Raw data:
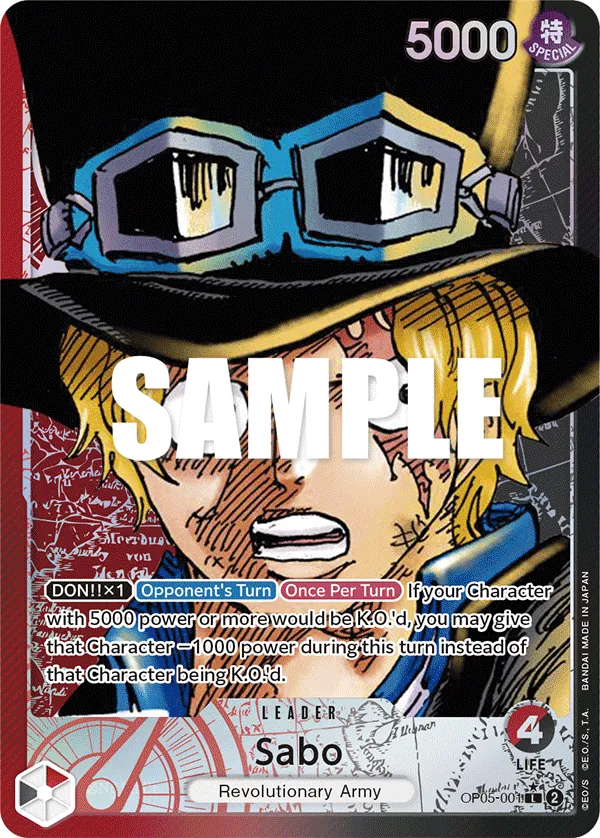 Sabo - OP05-001 - Alternate Art Sabo - OP05-001 - Alternate Art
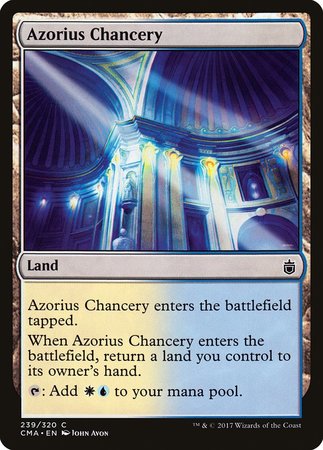 Azorius Chancery [Commander Anthology] | The Time Vault CA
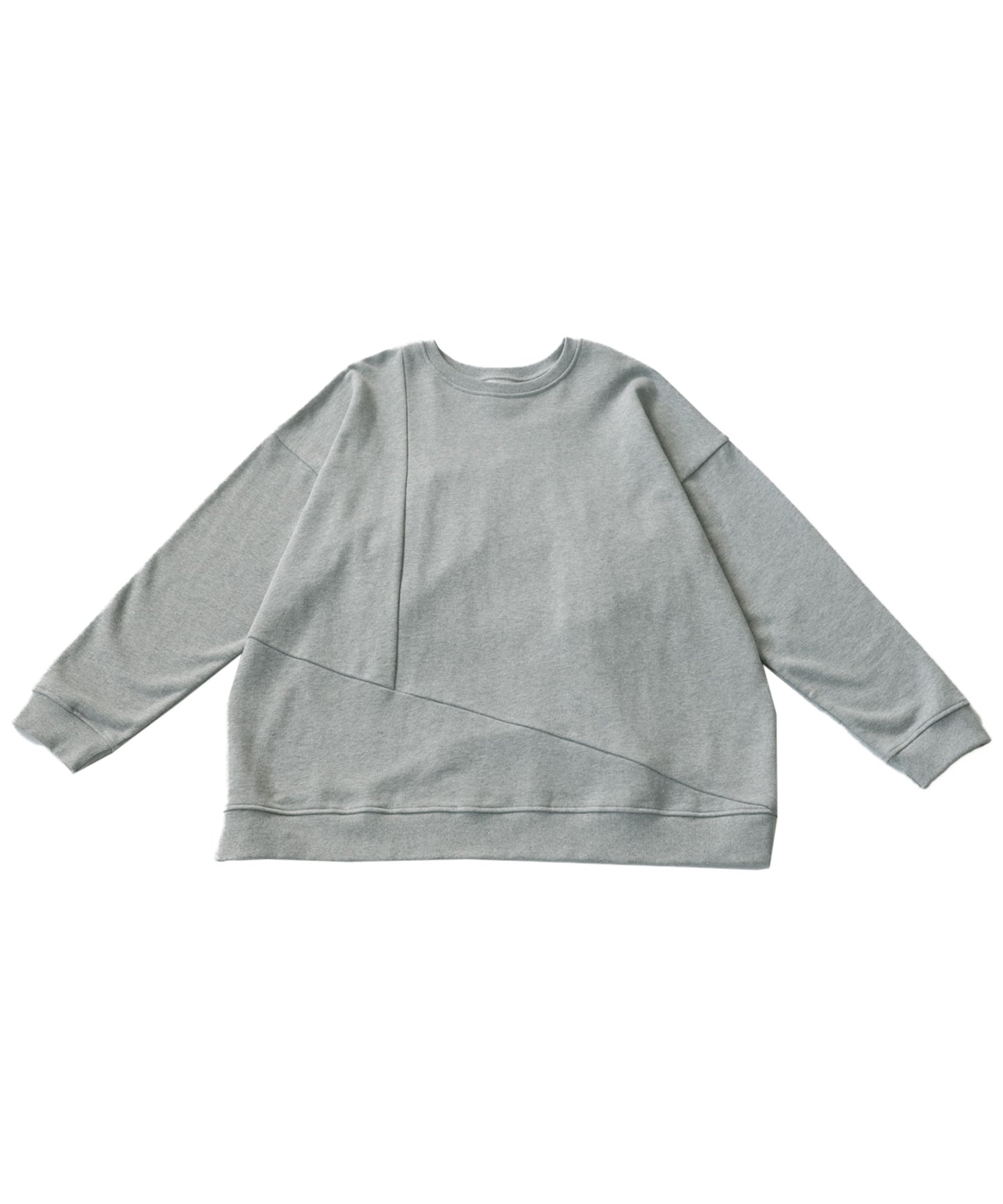 Asymmetric pile fabric pullover Ladies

Problem to work on:
The answer should be the full material above, printed exactly, with no pictures in it.

Answer:
 Sabo - OP05-001 - Alternate Art Sabo - OP05-001 - Alternate Art
 Azorius Chancery [Commander Anthology] | The Time Vault CA
 Asymmetric pile fabric pullover Ladies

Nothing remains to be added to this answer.